Bi-directional pile load test (briefly called 'BDH PLT') cannot be performed at loading levels where ultimate bearing capacity could be assessed in field, it is not possible to precisely determine both ultimate load and yield load and under loading. Since the load is transmitted separately to the skin and the end unlike the static pile load test (briefly called 'SPLT') and the direction of loading on the skin is opposite, such methods could have a result different from actual movements of shafts. In this study, three-dimensional finite element method (briefly called '3D FEM') analysis was conducted from results of the BDH PLT, made with barret piles, which were large-diameter cast-in-place concrete piles, and the calculated design constants were applied to the 3D FEM analysis of the SPLT to interpret them numerically and then, actual behaviors of cast-in-place concrete piles were estimated.
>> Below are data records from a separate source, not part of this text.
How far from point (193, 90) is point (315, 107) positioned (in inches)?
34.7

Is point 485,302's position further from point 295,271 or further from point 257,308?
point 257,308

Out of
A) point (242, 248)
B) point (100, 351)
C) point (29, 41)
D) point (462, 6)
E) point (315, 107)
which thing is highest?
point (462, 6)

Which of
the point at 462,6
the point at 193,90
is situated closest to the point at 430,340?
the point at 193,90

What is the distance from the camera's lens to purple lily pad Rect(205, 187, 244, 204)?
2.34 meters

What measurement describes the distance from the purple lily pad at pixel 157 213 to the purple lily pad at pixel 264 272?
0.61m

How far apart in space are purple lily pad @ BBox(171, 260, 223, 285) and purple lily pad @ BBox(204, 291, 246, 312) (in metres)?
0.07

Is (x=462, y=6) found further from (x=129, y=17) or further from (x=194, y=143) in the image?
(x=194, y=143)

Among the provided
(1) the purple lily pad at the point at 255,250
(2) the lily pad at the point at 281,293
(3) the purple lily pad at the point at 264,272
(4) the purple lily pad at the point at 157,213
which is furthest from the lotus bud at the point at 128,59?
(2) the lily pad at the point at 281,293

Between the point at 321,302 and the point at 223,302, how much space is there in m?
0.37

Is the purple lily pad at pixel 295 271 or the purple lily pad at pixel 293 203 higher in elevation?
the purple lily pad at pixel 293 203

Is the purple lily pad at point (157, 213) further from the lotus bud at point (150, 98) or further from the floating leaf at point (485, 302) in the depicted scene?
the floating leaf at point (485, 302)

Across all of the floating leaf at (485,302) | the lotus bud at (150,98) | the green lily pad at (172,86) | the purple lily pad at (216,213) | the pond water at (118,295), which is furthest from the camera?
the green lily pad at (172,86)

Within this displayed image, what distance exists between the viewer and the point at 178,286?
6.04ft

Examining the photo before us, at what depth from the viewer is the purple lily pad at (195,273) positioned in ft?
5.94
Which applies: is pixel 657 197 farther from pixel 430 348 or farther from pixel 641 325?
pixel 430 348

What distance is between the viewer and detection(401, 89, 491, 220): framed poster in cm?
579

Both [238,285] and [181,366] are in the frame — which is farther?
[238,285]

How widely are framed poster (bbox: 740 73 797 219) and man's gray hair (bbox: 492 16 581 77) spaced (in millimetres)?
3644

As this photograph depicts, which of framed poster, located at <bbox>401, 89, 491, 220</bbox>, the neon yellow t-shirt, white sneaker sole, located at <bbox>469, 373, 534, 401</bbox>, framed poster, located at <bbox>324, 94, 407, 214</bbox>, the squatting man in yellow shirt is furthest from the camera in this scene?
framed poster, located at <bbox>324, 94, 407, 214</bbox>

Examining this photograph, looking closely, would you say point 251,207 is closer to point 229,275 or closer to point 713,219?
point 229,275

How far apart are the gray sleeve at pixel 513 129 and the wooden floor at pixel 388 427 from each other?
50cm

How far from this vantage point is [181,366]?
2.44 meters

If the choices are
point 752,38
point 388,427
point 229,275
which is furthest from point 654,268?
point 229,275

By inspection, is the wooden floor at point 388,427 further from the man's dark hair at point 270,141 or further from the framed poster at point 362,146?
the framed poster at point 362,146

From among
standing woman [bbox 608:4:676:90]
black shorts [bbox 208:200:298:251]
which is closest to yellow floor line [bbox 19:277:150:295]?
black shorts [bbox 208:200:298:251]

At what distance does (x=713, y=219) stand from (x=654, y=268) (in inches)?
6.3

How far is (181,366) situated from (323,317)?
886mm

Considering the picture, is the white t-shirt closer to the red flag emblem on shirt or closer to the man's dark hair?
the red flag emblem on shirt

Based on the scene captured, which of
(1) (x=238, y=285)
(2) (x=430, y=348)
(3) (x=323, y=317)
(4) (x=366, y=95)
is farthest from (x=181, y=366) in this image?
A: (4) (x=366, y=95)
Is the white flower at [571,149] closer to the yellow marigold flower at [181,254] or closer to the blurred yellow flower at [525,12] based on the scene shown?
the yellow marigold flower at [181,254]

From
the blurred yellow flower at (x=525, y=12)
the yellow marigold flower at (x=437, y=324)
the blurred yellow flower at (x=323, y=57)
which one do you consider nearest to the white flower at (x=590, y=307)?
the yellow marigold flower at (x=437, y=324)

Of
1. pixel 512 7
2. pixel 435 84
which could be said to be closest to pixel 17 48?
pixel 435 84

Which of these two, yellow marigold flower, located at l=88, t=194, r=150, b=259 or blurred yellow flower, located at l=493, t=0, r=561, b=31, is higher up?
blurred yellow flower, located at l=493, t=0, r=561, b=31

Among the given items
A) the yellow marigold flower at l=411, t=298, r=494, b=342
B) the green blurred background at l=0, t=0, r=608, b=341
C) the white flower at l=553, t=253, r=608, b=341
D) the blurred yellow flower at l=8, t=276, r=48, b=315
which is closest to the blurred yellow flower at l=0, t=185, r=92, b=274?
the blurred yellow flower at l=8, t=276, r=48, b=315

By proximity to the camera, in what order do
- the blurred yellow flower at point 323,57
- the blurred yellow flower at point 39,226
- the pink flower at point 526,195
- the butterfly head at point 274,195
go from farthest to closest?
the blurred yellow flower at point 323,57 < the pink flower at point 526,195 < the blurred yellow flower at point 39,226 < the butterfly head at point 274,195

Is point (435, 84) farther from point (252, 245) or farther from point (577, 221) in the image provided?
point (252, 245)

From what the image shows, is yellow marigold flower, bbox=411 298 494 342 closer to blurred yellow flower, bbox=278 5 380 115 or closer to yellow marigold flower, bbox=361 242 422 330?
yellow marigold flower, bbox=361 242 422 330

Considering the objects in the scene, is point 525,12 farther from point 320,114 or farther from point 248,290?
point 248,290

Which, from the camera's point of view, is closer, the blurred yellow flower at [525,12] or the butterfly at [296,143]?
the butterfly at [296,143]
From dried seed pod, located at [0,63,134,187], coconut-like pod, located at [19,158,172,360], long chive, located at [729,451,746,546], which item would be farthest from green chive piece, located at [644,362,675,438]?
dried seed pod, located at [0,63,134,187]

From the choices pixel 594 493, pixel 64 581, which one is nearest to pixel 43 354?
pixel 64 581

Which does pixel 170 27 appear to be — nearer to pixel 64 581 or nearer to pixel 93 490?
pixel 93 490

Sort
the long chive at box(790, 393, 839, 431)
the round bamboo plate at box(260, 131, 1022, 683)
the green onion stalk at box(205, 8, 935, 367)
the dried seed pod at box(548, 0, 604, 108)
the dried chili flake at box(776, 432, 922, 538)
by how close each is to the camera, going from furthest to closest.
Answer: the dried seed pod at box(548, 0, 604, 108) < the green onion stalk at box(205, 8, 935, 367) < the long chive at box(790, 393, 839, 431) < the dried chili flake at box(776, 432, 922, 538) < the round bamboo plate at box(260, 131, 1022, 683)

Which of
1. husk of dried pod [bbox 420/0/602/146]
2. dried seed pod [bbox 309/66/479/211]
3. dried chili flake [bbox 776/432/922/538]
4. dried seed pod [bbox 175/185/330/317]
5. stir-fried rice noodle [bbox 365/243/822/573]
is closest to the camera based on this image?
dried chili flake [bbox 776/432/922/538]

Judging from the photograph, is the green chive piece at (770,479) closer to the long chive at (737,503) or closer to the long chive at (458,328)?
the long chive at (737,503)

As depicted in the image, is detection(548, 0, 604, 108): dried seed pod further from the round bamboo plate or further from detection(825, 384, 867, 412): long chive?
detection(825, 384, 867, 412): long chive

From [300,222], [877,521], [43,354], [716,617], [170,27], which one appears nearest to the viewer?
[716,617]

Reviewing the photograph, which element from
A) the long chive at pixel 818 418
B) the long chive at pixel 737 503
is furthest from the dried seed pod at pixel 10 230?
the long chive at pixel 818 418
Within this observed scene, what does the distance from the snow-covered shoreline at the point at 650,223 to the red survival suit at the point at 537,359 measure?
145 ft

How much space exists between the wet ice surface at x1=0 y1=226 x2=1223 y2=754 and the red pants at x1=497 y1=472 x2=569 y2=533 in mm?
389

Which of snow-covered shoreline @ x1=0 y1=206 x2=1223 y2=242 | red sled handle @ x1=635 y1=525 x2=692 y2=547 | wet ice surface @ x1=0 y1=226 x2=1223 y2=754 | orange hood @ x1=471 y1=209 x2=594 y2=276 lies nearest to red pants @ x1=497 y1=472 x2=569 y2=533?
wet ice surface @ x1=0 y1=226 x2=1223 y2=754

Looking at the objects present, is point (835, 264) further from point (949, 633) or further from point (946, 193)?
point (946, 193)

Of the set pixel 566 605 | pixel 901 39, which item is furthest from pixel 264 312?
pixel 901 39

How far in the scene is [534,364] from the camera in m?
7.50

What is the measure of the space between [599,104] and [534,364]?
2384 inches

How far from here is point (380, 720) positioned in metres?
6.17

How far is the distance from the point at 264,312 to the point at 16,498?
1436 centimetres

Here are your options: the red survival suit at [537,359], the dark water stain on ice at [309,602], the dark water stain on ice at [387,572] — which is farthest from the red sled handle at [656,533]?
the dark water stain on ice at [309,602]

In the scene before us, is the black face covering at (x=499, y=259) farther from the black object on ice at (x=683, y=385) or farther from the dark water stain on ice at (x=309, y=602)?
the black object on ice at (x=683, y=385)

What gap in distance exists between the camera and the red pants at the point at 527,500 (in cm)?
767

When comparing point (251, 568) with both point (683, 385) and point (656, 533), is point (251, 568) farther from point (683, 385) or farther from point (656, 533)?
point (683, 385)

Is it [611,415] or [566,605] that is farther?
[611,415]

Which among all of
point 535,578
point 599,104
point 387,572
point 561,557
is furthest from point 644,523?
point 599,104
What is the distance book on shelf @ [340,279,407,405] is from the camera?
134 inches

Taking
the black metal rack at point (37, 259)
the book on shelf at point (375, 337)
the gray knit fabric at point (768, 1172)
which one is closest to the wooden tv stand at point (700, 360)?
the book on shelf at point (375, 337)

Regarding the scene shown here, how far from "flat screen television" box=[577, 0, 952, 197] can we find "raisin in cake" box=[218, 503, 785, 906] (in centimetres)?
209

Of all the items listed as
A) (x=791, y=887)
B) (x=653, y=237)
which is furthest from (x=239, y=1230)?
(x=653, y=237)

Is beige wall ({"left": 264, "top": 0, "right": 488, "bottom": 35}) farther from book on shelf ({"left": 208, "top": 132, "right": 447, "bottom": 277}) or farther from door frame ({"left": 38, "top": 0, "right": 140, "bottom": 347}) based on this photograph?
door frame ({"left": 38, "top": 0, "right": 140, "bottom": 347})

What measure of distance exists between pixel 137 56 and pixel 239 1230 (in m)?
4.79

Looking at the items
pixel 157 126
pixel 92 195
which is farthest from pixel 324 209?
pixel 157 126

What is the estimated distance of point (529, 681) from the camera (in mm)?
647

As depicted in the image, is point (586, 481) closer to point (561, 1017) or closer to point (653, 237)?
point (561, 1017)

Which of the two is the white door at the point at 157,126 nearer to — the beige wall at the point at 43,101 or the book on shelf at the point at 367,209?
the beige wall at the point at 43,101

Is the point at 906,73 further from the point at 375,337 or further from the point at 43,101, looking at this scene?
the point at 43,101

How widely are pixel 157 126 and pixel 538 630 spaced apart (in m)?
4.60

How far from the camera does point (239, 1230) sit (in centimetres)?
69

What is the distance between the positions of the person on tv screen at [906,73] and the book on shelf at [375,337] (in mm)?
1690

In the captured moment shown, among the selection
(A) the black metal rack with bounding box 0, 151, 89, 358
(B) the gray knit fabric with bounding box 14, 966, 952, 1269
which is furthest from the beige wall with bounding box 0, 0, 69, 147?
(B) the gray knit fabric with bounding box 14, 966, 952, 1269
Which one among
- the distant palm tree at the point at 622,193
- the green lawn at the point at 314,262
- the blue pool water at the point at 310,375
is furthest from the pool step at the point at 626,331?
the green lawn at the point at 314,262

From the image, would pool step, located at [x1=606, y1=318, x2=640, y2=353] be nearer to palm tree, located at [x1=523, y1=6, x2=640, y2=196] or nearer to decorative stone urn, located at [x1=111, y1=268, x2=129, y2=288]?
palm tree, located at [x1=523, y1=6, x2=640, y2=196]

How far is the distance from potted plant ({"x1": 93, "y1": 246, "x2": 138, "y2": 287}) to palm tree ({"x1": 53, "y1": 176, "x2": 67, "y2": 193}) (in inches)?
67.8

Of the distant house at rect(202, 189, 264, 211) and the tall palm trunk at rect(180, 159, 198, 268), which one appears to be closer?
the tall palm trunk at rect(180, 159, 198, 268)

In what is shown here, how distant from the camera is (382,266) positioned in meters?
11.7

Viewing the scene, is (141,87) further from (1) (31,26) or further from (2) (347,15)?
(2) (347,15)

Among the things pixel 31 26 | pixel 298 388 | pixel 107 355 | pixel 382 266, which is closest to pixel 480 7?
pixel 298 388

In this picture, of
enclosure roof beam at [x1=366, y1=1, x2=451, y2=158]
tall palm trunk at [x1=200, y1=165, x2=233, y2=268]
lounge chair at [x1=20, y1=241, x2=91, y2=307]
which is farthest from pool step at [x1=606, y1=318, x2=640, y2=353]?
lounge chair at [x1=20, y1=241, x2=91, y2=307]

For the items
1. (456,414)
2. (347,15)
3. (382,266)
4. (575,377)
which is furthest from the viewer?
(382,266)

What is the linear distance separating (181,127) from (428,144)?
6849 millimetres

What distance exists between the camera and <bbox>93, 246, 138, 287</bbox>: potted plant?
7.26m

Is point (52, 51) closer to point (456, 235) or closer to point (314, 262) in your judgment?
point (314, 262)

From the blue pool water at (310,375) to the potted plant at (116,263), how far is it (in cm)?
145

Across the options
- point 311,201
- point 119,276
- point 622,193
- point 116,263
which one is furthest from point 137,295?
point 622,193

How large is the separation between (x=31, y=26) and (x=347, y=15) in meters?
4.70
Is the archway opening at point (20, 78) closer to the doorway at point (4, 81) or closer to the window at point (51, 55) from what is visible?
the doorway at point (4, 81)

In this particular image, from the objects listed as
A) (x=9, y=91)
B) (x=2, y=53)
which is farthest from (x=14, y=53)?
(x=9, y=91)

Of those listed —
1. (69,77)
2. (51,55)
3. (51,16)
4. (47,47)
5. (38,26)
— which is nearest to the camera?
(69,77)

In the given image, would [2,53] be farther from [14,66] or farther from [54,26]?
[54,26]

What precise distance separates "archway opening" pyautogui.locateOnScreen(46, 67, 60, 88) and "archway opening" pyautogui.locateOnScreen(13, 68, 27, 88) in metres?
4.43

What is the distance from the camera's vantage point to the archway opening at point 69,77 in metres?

First, using the results of the BDH PLT with cast-in-place concrete piles, behaviors of the piles made by loading upwards and downwards were analyzed to calculate load-displacement. Second, the design constants, calculated by the 3D FEM analysis and the back analysis, were applied on the 3D FEM analysis for the SPLT, and from these results, behaviors of the SPLT through the BDH PLT was analyzed. Last, the results of the 3D FEM analysis of the SPLT through the BDH PLT was expressed in relationships as {A ratio of bearing capacity of the SPLT and of the BDH PLT (y)} ~ {A ratio of reference displacement and pile circumference (x)}, and they were all classified by reference displacement at 10.0 mm, 15.0 mm, and 25.4 mm.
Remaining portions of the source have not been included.